[Task description] For each entry, output its words exactly and leave any picture behind.

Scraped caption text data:
◆ ◆ ◆ ◆ ◆

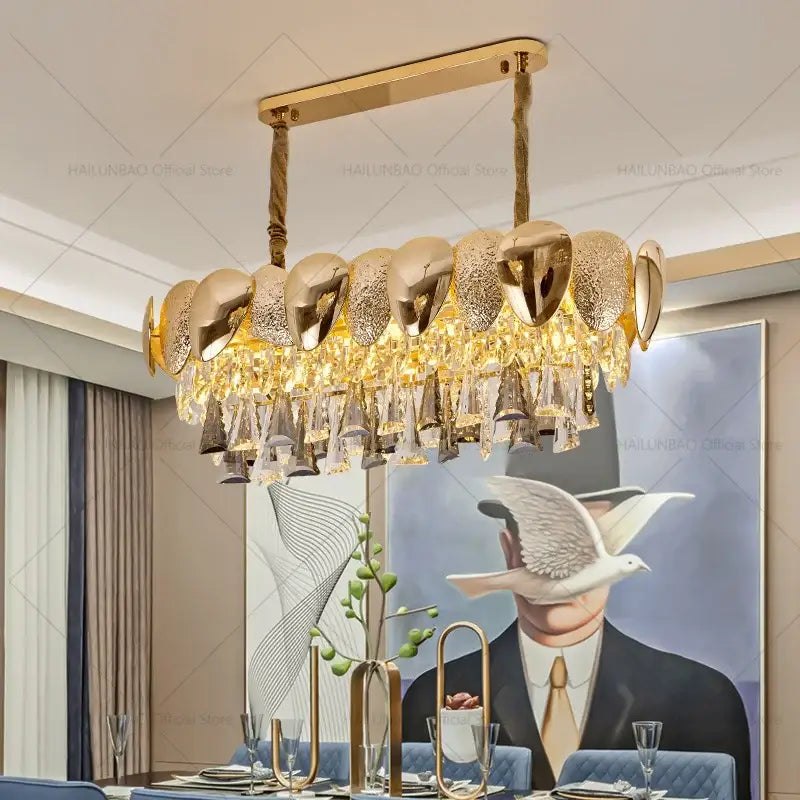 DecorBites™ Crystal Chandelier: Modern Elegance for Living Room, Dining Room, Bedroom - Gold Finish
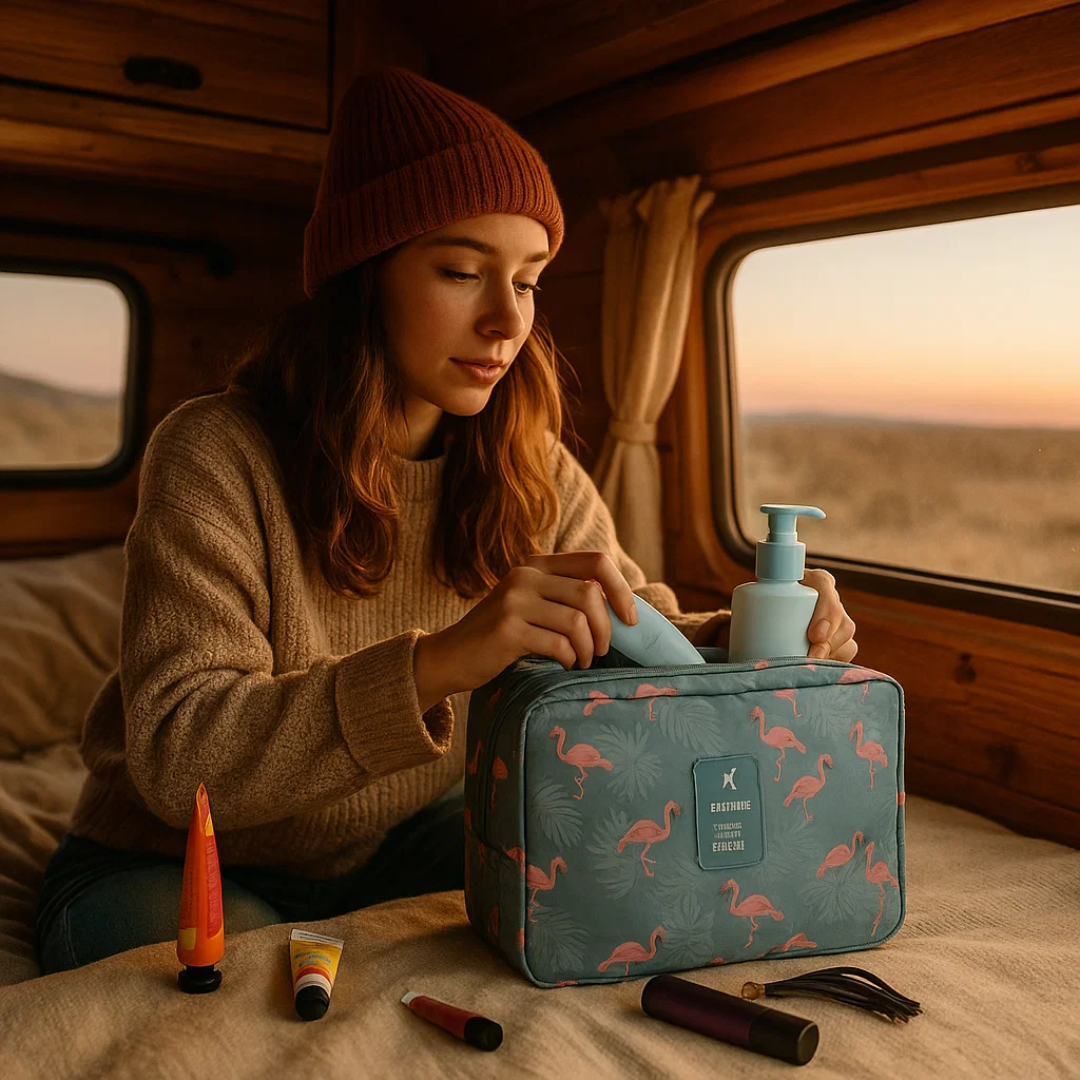 Sandsberg | TravelEase – Wasserabweisende Reisetoilettentasche mit Aufhängehaken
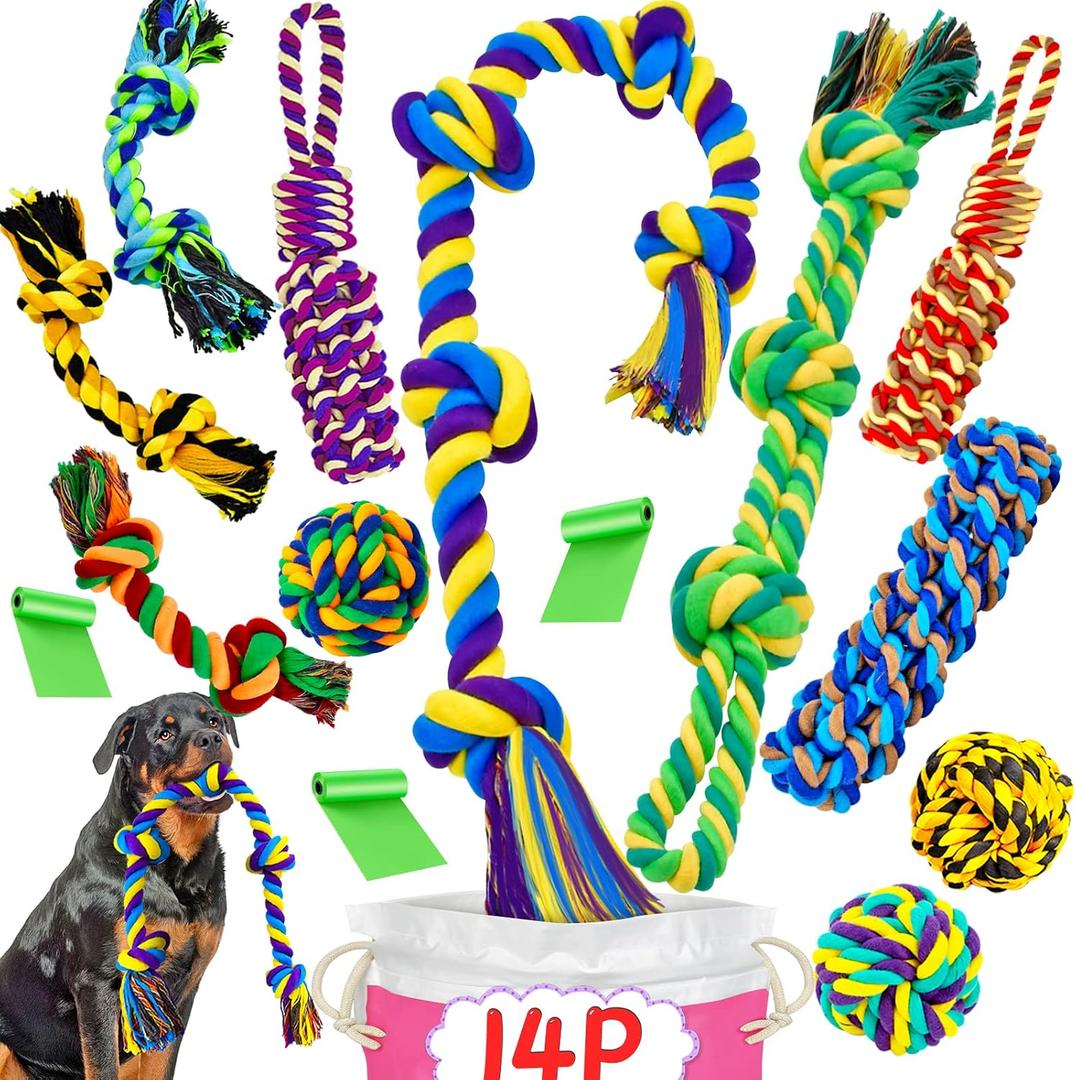 SHARLOVY XL Dog Chew Toys for Aggressive Chewers Large Breed, 14 Pack Tough Indestructible Dog Toys for Aggressive Chewers, Durable Puppy Chew Toys for Teething, Heavy Duty Cotton Rope Toys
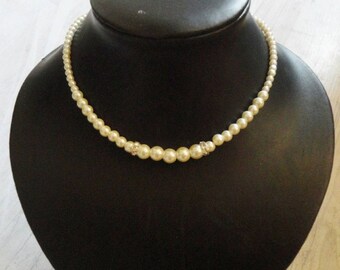 Collier Fantaisie Couleur Chocolat/marron - Perles Cristal Et Ivoire - Pour Robe De Mariée Ou Soirée - Neuf Avec étiquettes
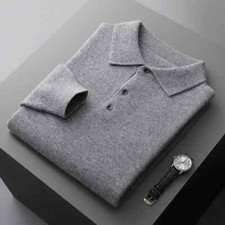 Men's Lapel Pullover Long Sleeve Sweater Loose Top Business Knit Bottoming Shirt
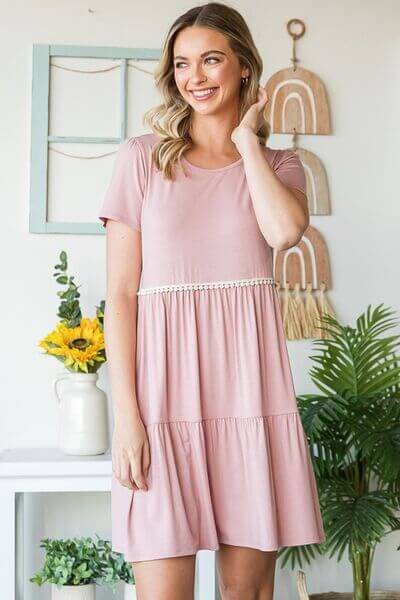Solid Mini Tiered Dress with Pompom Lace - In Style Chics Boutique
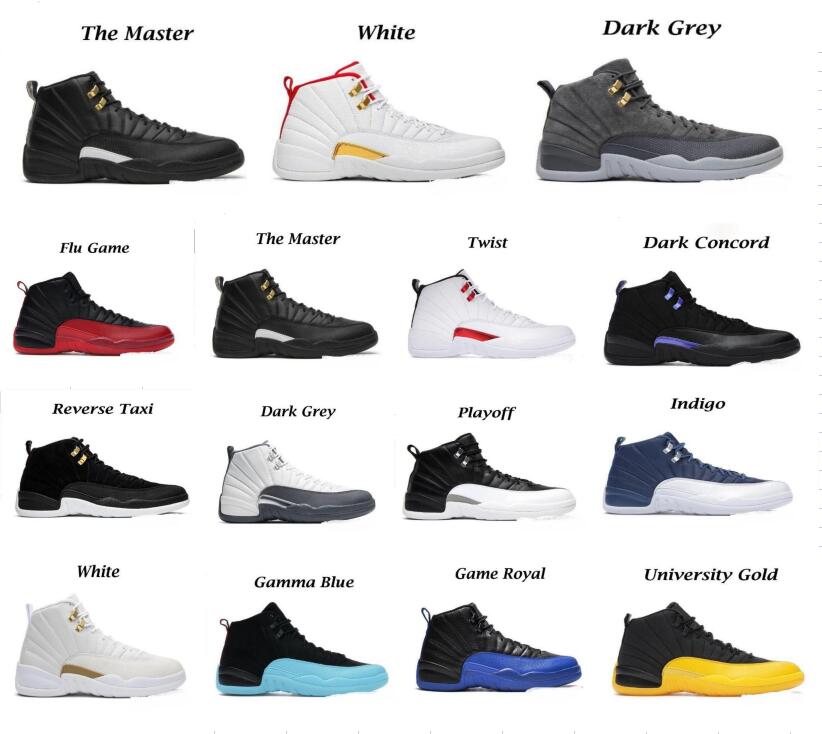 

mens basketball shoes 12s 12 Playoffs Royalty Taxi Utility Grind University Gold Cool Grey Bred Concord Legend blue Bright Citrus men women sneakers, 111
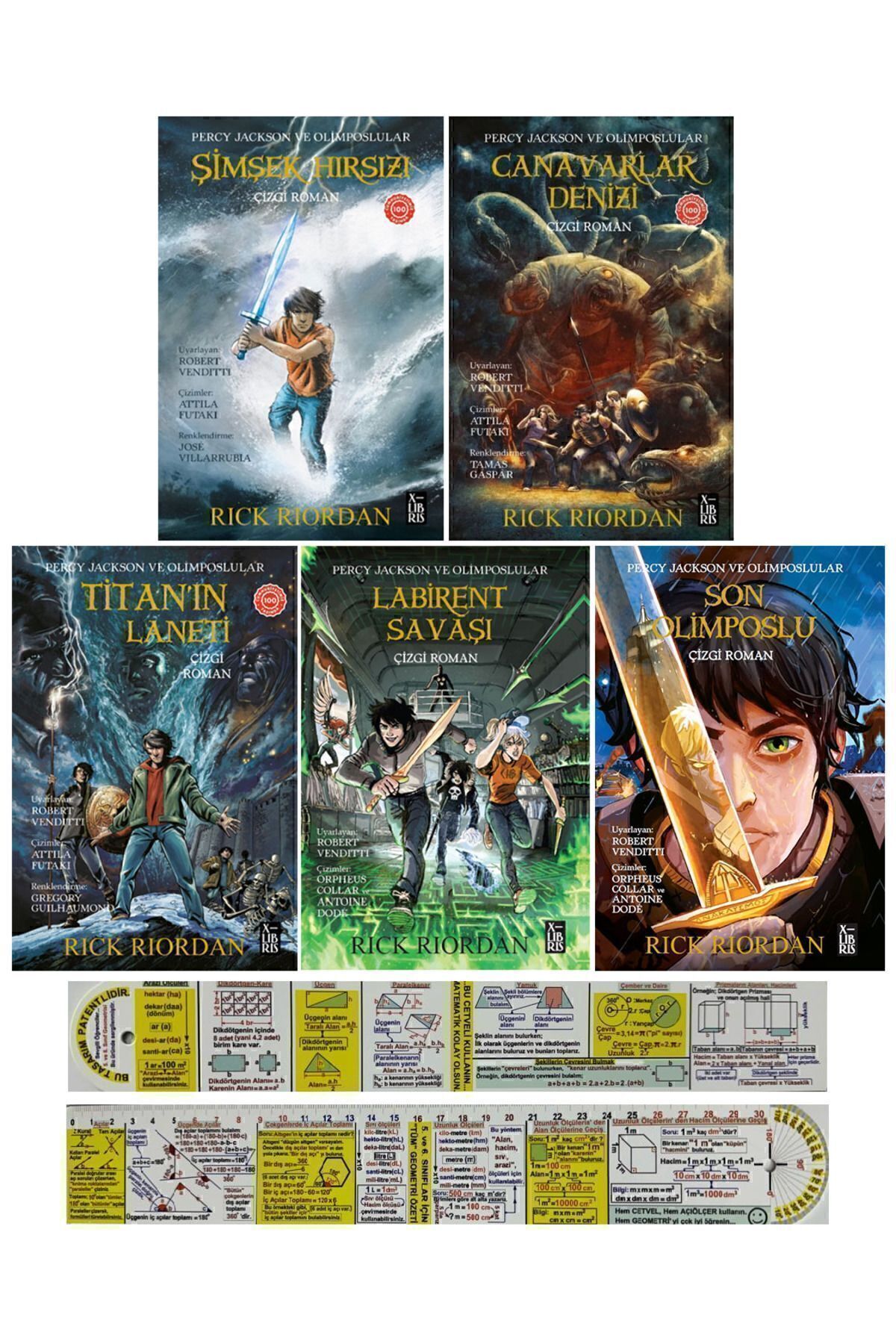 XLibris Percy Jackson Çizgi Roman Seti 5 Kitap Yunan Mitolojisi +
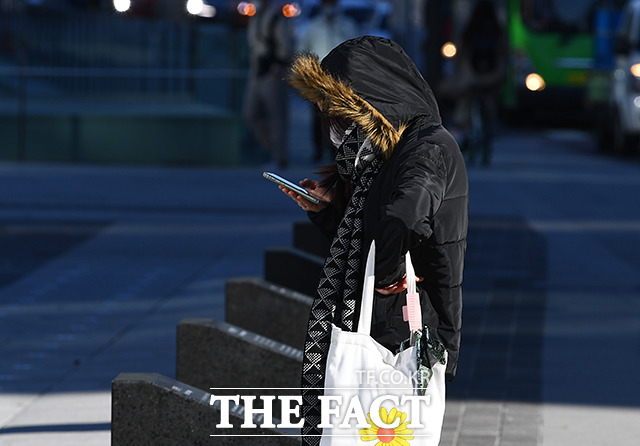 초겨울 날씨를 보인 17일 오전 서울 종로구 광화문광장 인근의 시민들이 두꺼운 옷을 입은채 발걸음을 재촉하고 있다./이동률 기자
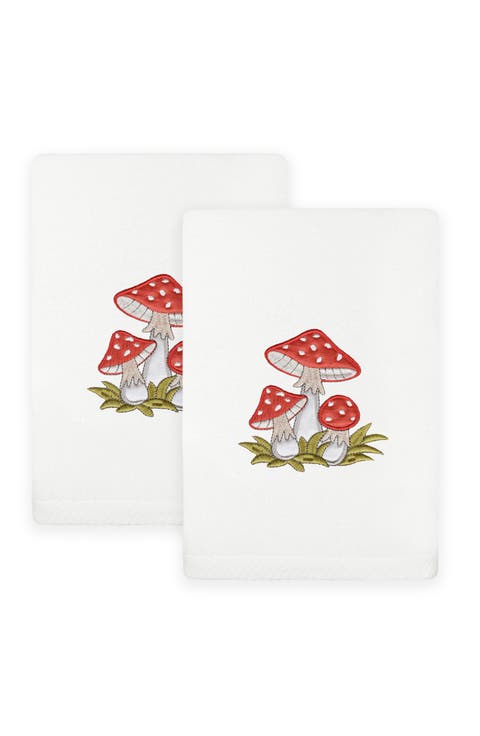 Set of 2 Spring Mushrooms Embroidered Turkish Cotton Hand Towels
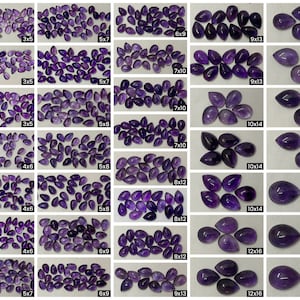 Amethyst Pear Cabochon MM size Calibrated Natural Semiprecious Cab Loose Cabochons Natural Semiprecious Gemstone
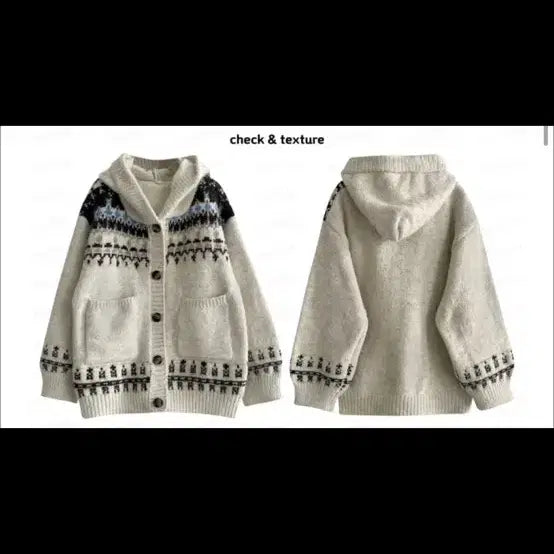 [BUNJANG] Nordic Pattern Hooded Cardigan Ivory / 노르딕 패턴 후드 가디건 아이보리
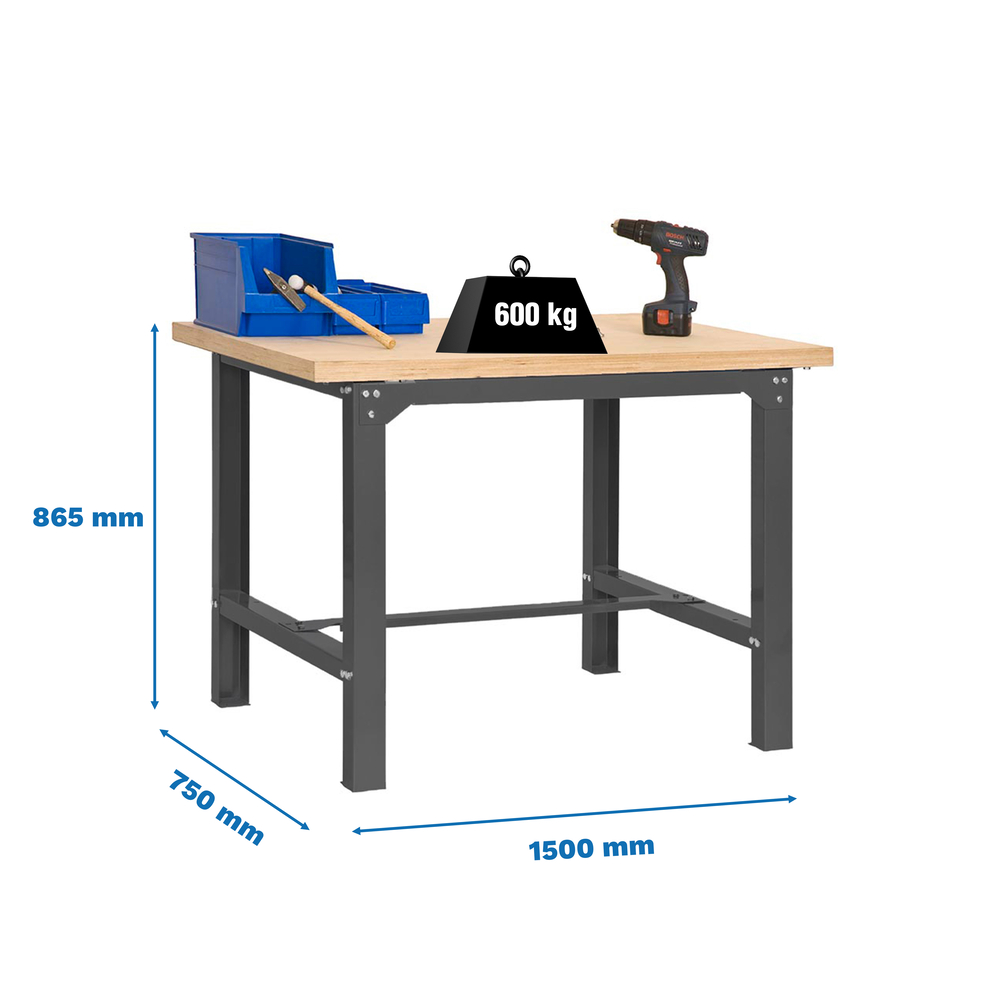 Kit établi Bricolage - 865x1500x750 - 1 niveau Anthracite/Bois - SIMON RACK - 8425437125812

◆ ◆ ◆ ◆ ◆

[Written reply]
 DecorBites™ Crystal Chandelier: Modern Elegance for Living Room, Dining Room, Bedroom - Gold Finish
 Sandsberg | TravelEase – Wasserabweisende Reisetoilettentasche mit Aufhängehaken
 SHARLOVY XL Dog Chew Toys for Aggressive Chewers Large Breed, 14 Pack Tough Indestructible Dog Toys for Aggressive Chewers, Durable Puppy Chew Toys for Teething, Heavy Duty Cotton Rope Toys
 Collier Fantaisie Couleur Chocolat/marron - Perles Cristal Et Ivoire - Pour Robe De Mariée Ou Soirée - Neuf Avec étiquettes
 Men's Lapel Pullover Long Sleeve Sweater Loose Top Business Knit Bottoming Shirt
Solid Mini Tiered Dress with Pompom Lace - In Style Chics Boutique

mens basketball shoes 12s 12 Playoffs Royalty Taxi Utility Grind University Gold Cool Grey Bred Concord Legend blue Bright Citrus men women sneakers, 111
 XLibris Percy Jackson Çizgi Roman Seti 5 Kitap Yunan Mitolojisi +
 초겨울 날씨를 보인 17일 오전 서울 종로구 광화문광장 인근의 시민들이 두꺼운 옷을 입은채 발걸음을 재촉하고 있다./이동률 기자
 Set of 2 Spring Mushrooms Embroidered Turkish Cotton Hand Towels
 Amethyst Pear Cabochon MM size Calibrated Natural Semiprecious Cab Loose Cabochons Natural Semiprecious Gemstone
 [BUNJANG] Nordic Pattern Hooded Cardigan Ivory / 노르딕 패턴 후드 가디건 아이보리
 Kit établi Bricolage - 865x1500x750 - 1 niveau Anthracite/Bois - SIMON RACK - 8425437125812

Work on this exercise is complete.